**Task to complete**
Using the data below, transcribe exactly everything from the line that contains "Coffee Mug Warmer" down to the line that contains "Stranger Things Pro Pinball Machine". Include both of those lines and none of the pictures.

Data to use below:

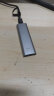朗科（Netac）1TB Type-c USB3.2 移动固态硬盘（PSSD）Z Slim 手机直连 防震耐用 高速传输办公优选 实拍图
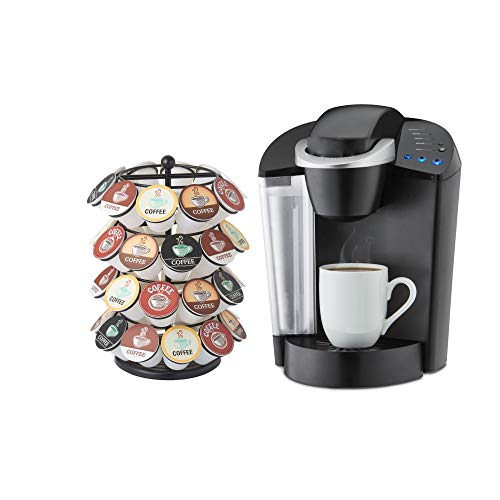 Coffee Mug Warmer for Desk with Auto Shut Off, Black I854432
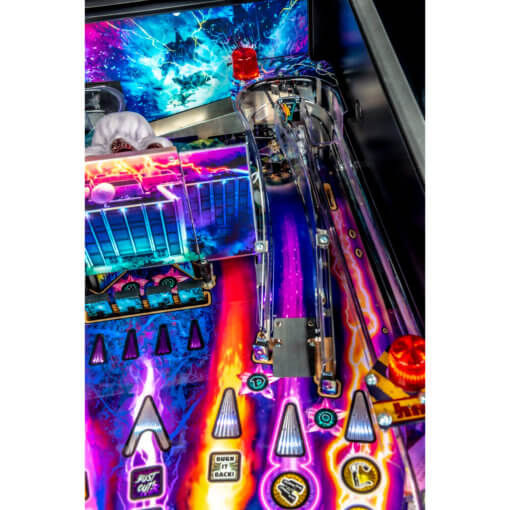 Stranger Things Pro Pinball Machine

End of Data to use.
Data to use below:

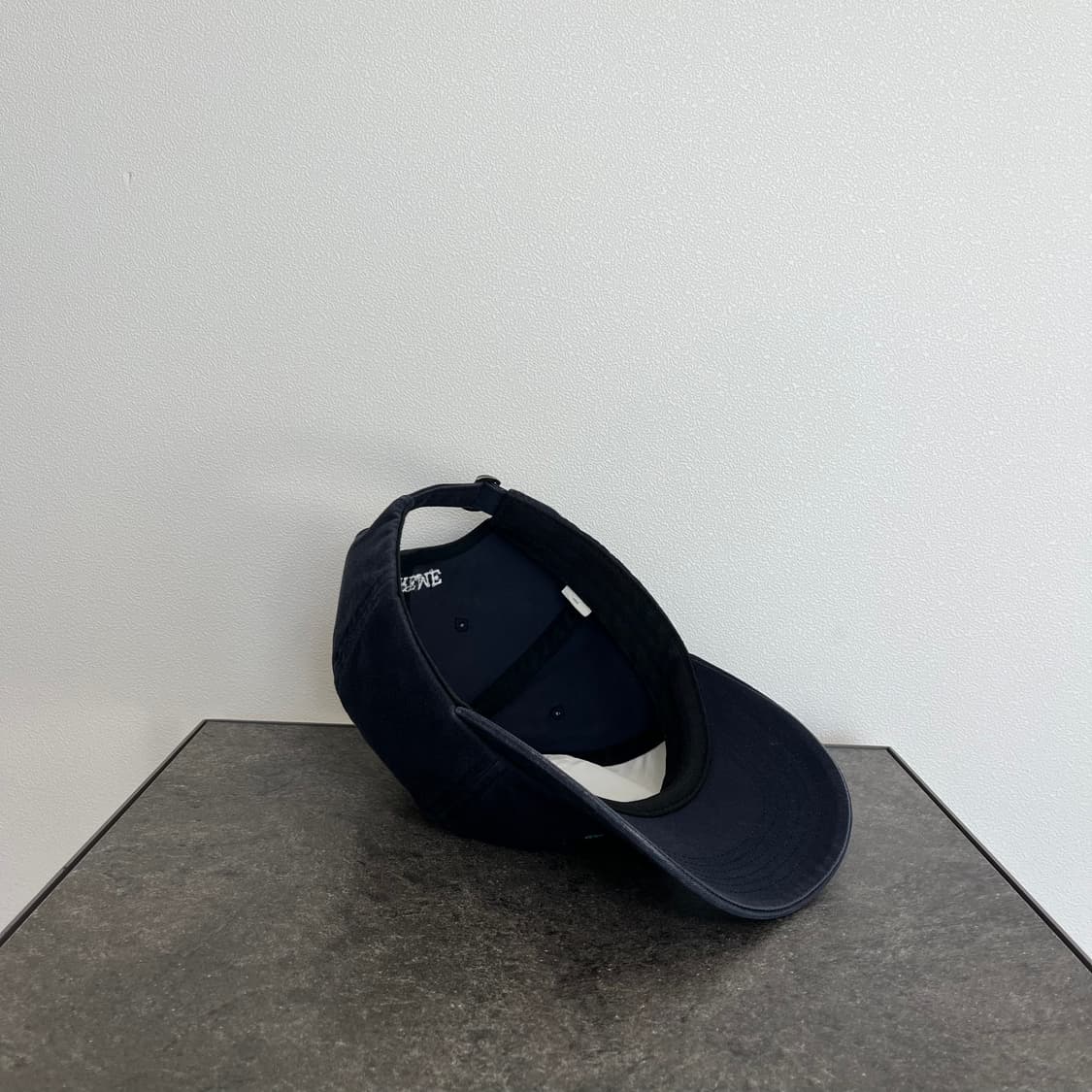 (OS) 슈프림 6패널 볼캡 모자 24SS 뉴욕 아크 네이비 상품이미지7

End of Data to use.

**Written response**
 Coffee Mug Warmer for Desk with Auto Shut Off, Black I854432
 Stranger Things Pro Pinball Machine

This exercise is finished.